* _Directions for this task_
Print each line from the start of the records below up through the line where "Unqiue Unisex Eddies" is found, exactly as given.

* _Extracted entries_
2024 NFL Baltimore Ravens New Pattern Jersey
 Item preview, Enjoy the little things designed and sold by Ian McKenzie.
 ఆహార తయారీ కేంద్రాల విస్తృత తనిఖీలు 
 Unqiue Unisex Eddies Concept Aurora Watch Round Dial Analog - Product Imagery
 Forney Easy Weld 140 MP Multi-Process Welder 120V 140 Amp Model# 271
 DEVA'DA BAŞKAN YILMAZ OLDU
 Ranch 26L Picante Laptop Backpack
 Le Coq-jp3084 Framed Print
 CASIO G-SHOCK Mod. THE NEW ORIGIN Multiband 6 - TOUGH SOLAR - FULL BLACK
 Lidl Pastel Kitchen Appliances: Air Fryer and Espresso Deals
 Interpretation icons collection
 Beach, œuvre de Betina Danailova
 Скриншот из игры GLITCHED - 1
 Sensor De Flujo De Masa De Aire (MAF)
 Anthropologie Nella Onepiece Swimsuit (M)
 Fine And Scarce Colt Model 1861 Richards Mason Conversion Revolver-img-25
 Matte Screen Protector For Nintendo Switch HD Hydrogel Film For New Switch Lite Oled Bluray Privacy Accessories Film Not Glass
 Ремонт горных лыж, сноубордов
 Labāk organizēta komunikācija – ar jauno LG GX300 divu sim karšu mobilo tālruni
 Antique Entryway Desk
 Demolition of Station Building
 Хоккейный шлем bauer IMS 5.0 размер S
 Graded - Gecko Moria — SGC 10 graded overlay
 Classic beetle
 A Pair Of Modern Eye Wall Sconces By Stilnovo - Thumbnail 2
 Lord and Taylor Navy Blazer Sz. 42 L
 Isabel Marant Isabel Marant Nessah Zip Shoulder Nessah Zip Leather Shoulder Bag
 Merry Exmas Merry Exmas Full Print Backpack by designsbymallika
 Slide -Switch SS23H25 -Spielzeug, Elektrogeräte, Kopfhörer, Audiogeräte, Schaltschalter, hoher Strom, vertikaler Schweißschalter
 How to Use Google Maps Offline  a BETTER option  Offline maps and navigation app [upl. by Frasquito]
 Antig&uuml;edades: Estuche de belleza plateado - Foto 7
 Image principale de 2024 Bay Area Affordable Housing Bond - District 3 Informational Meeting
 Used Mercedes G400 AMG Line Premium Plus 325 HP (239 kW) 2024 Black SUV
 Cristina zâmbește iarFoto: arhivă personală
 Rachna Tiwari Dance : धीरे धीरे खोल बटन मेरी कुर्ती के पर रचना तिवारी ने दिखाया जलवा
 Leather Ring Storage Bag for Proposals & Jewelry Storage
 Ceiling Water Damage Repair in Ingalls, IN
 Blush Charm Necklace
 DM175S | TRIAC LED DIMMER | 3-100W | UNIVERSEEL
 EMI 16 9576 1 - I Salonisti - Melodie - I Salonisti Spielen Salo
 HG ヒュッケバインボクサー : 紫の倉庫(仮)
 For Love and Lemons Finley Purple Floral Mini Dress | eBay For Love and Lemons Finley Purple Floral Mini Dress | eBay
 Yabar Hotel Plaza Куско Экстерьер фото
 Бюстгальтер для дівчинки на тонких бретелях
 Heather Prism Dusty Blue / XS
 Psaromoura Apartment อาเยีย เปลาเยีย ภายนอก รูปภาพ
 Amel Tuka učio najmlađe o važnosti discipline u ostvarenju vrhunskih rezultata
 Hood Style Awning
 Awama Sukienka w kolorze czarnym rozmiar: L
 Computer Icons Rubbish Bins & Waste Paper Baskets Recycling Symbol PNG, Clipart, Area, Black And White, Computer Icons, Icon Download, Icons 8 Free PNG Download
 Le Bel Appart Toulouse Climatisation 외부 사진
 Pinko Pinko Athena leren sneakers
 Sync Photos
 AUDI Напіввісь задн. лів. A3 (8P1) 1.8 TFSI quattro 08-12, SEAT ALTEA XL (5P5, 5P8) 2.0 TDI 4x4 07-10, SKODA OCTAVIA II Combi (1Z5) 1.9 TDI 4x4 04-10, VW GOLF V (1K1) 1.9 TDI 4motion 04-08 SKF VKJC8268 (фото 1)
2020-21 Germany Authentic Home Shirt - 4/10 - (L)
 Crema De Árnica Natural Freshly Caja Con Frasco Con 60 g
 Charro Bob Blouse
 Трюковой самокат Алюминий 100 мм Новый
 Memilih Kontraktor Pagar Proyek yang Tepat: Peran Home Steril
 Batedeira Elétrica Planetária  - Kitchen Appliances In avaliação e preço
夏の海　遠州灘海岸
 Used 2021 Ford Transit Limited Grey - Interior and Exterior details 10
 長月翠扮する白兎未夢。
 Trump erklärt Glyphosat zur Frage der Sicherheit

* _Exercise solution_
2024 NFL Baltimore Ravens New Pattern Jersey
 Item preview, Enjoy the little things designed and sold by Ian McKenzie.
 ఆహార తయారీ కేంద్రాల విస్తృత తనిఖీలు 
 Unqiue Unisex Eddies Concept Aurora Watch Round Dial Analog - Product Imagery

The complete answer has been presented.